Treasury officials recruited the IMF to be a currency cop as China and other countries meddle with exchange rates to gain a trade advantage. Instead, the international lending organization took aim at the dollar, calling it overvalued in an Aug. 1 report. The Treasury objected, and on Aug. 2 an aide to Treasury Secretary Henry Paulson told Congress that it's impossible to measure a currency's fair value.

"The U.S. Treasury has cut the legs from under the IMF before it even started the race," said Michael Mussa, the IMF's chief economist from 1991 to 2001 and now a fellow at the Peterson Institute in Washington. "This was foolish and unnecessary when they could have just said nothing."

By rejecting the IMF's analysis, the Treasury may have jeopardized its own effort to use international leverage to help narrow China's $118 billion trade surplus with the U.S. Members of Congress are threatening sanctions if the Treasury doesn't succeed in getting China to stop suppressing the value of its currency.

Chinese authorities have limited the yuan's advance against the dollar to about 9 percent since July 2005, when officials ended a strict peg to the dollar. By comparison, India's rupee has climbed 8 percent this year alone.

Legislators including Rep. Sander Levin of Michigan, a Democrat who chairs the trade panel of the House Ways and Means Committee, have said the yuan is undervalued by as much as 40 percent.

The IMF was established in 1945 by United Nations conferees to provide emergency loans and surveillance in times of economic crisis. Funding comes from its 185 member countries.

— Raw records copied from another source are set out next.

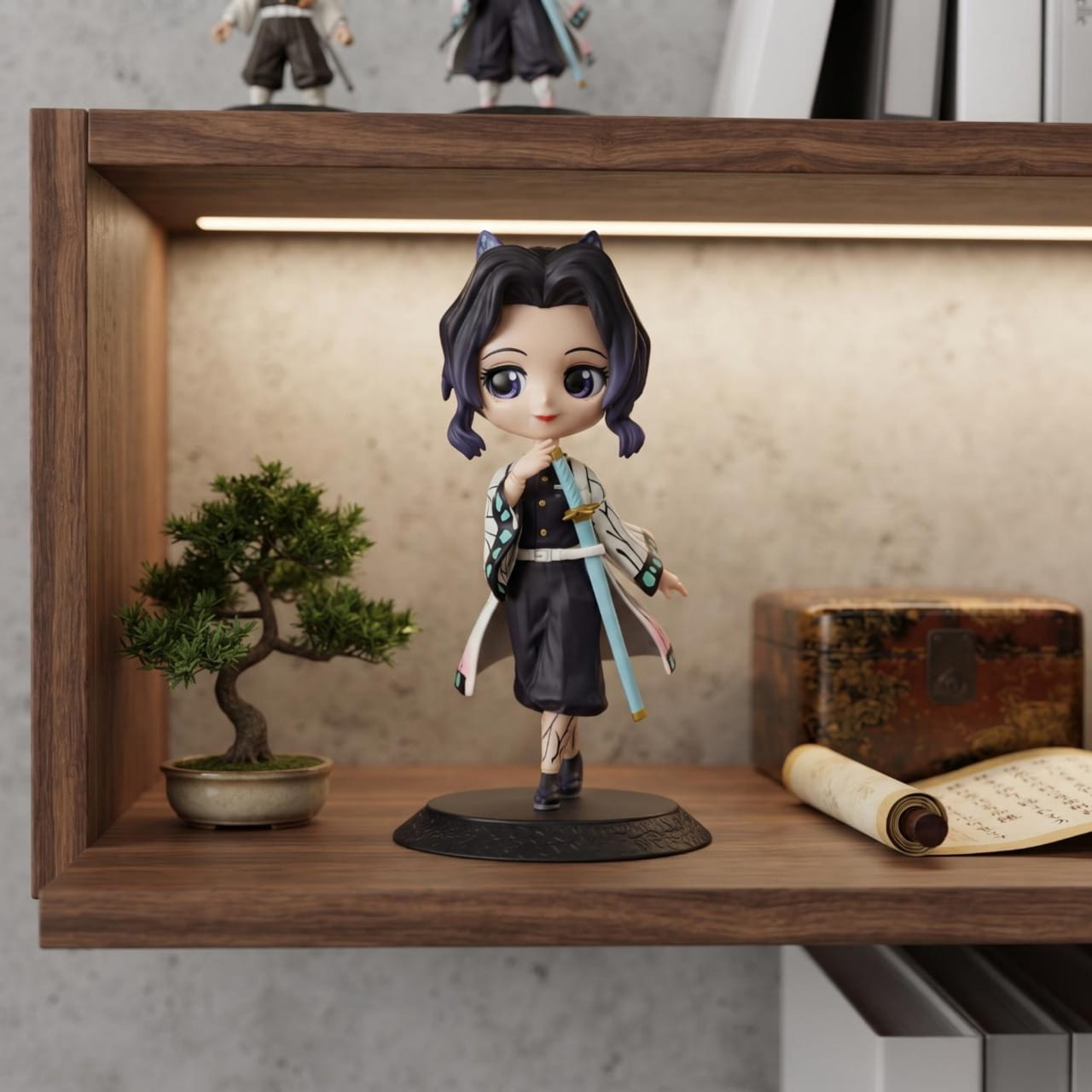 Figurine Demon Slayer Shinobu Kochō et son haori papillon, exposée sur une étagère (décor non inclus)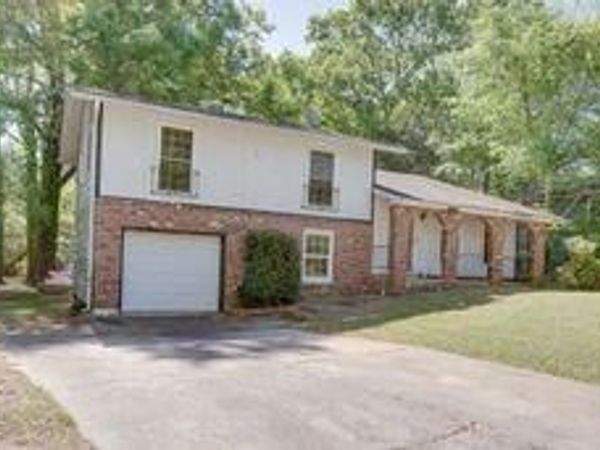 8882 Ashwood Dr, Riverdale, GA 30274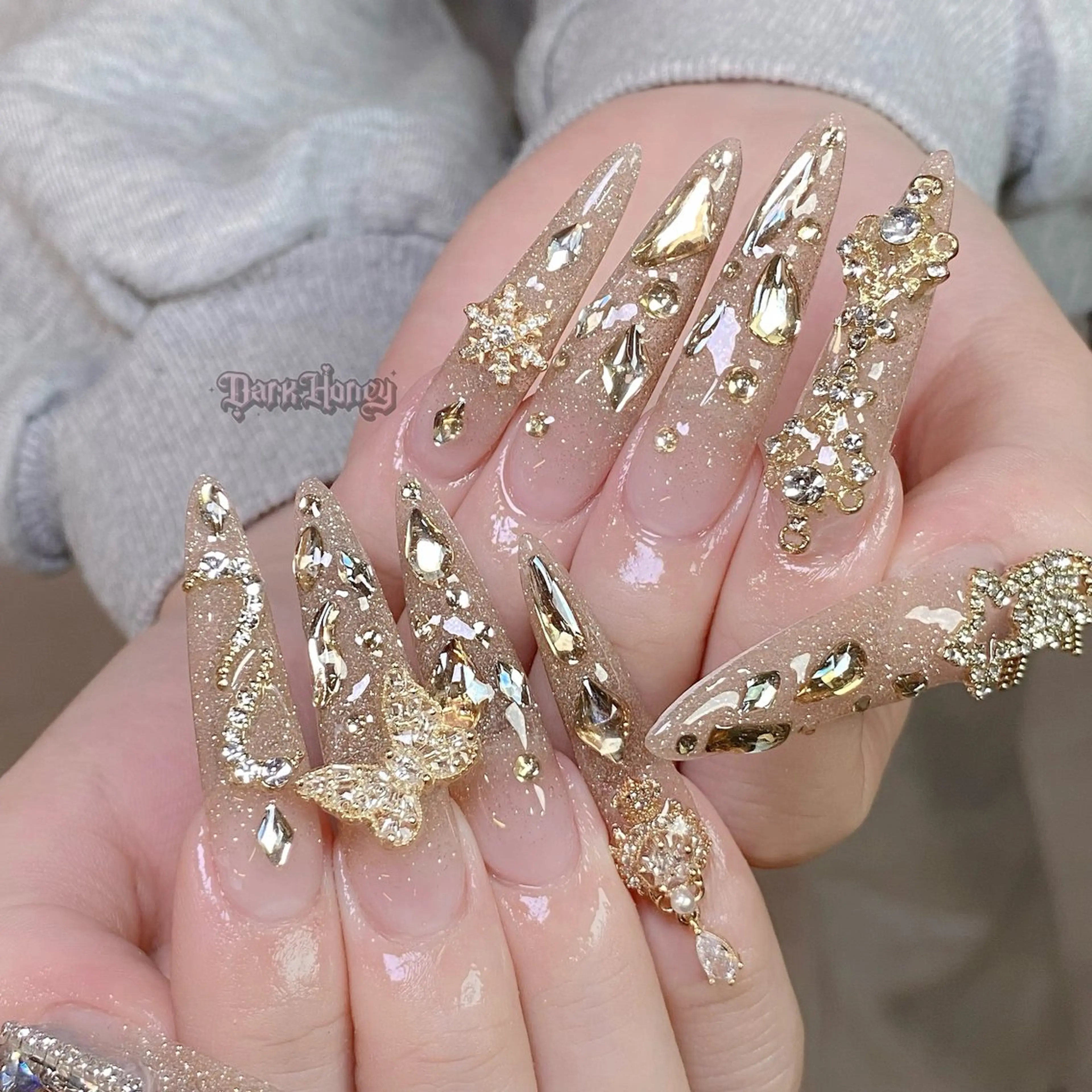 ネイル ロングネイル Dark honey スカルプ専門原宿店のネイルデザイン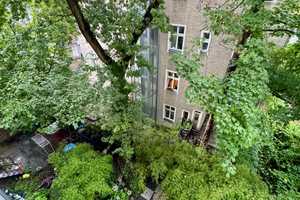 +++bezugsfreie 2-Zimmer-Altbauwohnung mit Dielenboden am Volkspark+++ – Bruchsaler Straße 13, 10715 Berlin – Vorschaubild 7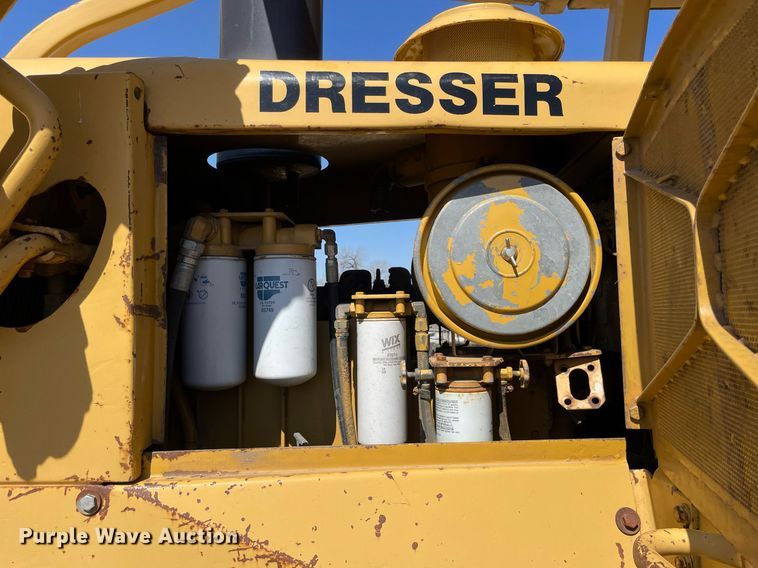 image for item LJ9609 1987 Dresser TD20G  dozer with Bron tile plow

As the need for loans has faded and global trade expands, the U.S. has urged the IMF to use its resources to monitor currency policies that distort trade flows.

Tim Adams, then Treasury undersecretary, kick-started the process in September 2005 when he blasted the IMF for a perception it was "asleep at the wheel on its most-fundamental responsibility: exchange-rate surveillance."

Involving the IMF also served a political purpose: It helped to disengage the U.S. from a direct confrontation with China over the value of the yuan, which the U.S. argues is undervalued as a result of Chinese government policy. Now the Treasury's response to the IMF's analysis of the dollar may undermine the lender's ability to referee currency disputes.

IMF staff economists told U.S. officials in meetings ended July 27 that their research showed the dollar was 10 percent to 30 percent overpriced, according to an account included in the 54-page Aug. 1 report.

Treasury officials criticized the IMF analysis for relying too much on trade in goods and services and not enough on capital flows. While the U.S. has run record trade deficits in recent years, foreign capital also continues to flow into the country at an even stronger rate.

The Treasury also was "skeptical about the notion of overvaluation for a market-determined exchange rate such as the dollar," the report said.

The second blow to the IMF's new mission came when Mark Sobel, a Treasury deputy assistant secretary, told Congress Aug. 2 that, while exchange-rate modeling offers "valuable insights, there is no reliable or precise method for estimating the proper value of an economy's foreign-exchange rate."

Treasury Assistant Secretary Clay Lowery, the department's No. 2 international official, said the U.S. stance on calculating fair-value rates isn't new and doesn't undercut the IMF. Pinpointing an exchange rate's fair value is "very difficult," Lowery said in an interview. "The IMF explained what they believed, and the United States explained back what it believed on the same issue."

Angela Gaviria, an IMF spokeswoman in Washington, declined to comment.

Armed with the Treasury's arguments, China may now emulate the U.S. by rebuffing IMF attempts to alter its exchange-rate policies. China, along with Iran, voted against the fund's new surveillance program before IMF Managing Director Rodrigo de Rato unveiled it in June.

"The U.S. criticism will certainly weaken the authority of the fund to comment on China's currency," said Adam Lerrick, a professor of economics at Carnegie Mellon University in Pittsburgh. "The Chinese are likely to argue that the fund is wrong about their currency too, and point out that even the U.S. doesn't trust the fund's views."